Evolution of UV-vis absorption spectra of 4-nitrophenol solution with a untreated ramie fibers, b Ag-90-10-1, and c Ag-90-10-3 after NaBH4 solution was added. d Plots of corresponding band intensity at 400 nm as a function of reaction time

Silver nanoparticle-treated ramie fibers were separated readily from reaction system. The treated fibers were applied for catalysis reaction again to examine the reusability of the treated fibers. Figure 7 displays four cycles of use of silver nanoparticle treated ramie fibers (Ag-90-10-3) for reduction of 4-nitrophenol. The catalytic activity of treated fibers did not decrease visibly even after the fourth cycle, which testifies that the treated ramie fibers as a catalysis could keep durable catalysis property.
Fig. 7

Recycling and reuse of silver nanoparticle treated ramie fibers (Ag-90-5-3) for the reduction of 4-nitrophenol to 4-aminophenol (4-AP)

In addition to silver nanoparticle-treated ramie, catalysis ability of the fibers treated with gold nanoparticles was investigated as well.

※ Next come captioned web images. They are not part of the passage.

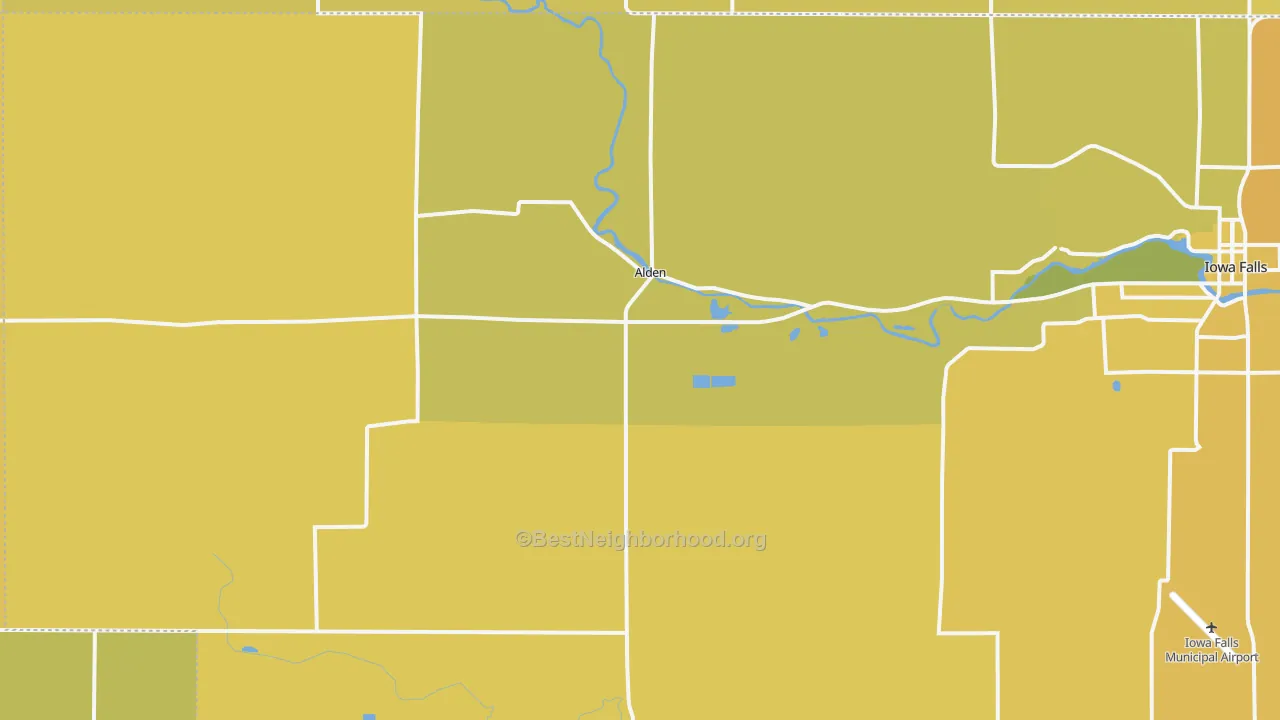 Map of the best neighborhoods in the Alden area, with better matches in green and worse matches in red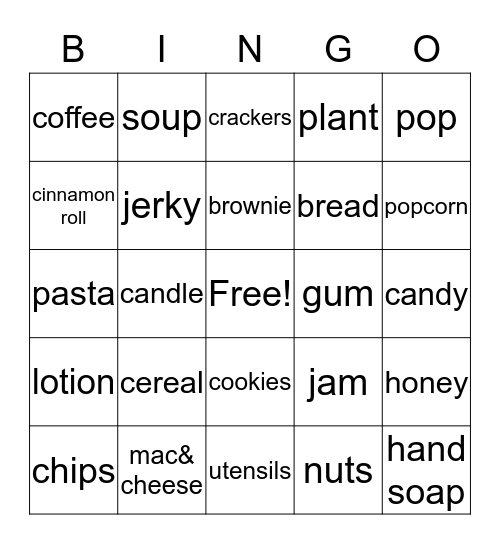 Grocery Bingo! Bingo Card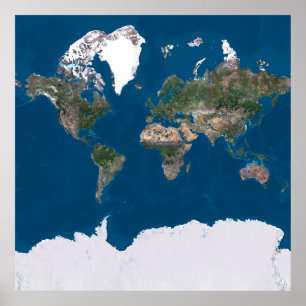Affiche Carte du monde des satellites de couleur vraie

The absorption peak at 400 nm of 4-nitrophenol decreased gradually in the presence of gold nanoparticle-treated ramie fibers (Au-90-5-6) with reaction time (Additional file 1: Figure S6a). The plot of peak intensity at 400 nm versus time proves that the ramie fibers with gold nanoparticles exhibit evident catalytic activity (Additional file 1: Figure S6b). The results indicate that the ramie fibers with noble metal (silver and gold) nanoparticles show effective catalysis cavity.

Silver nanoparticles as antibacterial agents have been used widely for antibacterial finishing of textile products [12, 37]. In the present study, the antibacterial properties of silver nanoparticle-treated ramie fibers were evaluated against the Gram-negative bacteria, E. coli. Additional file 1: Figure S7 shows the photographs of the bacterial colonies on blank (control) sample, untreated ramie fibers, silver nanoparticle-treated fibers (Ag-90-10-3). Plenty of colonies of viable bacteria were seen on agar plates corresponding to the control sample and untreated fibers (Additional file 1: Figure S7a, b). Whereas, no bacteria colonies were found on agar plates of ramie fibers treated with silver nanoparticles (Additional file 1: Figure S7c), revealing that the silver nanoparticles on fibers inhibited the growth of bacteria. Therefore, it is suggested that the in situ synthesized silver nanoparticles endow ramie fiber with strong antibacterial property, which enhances the function of ramie fibers.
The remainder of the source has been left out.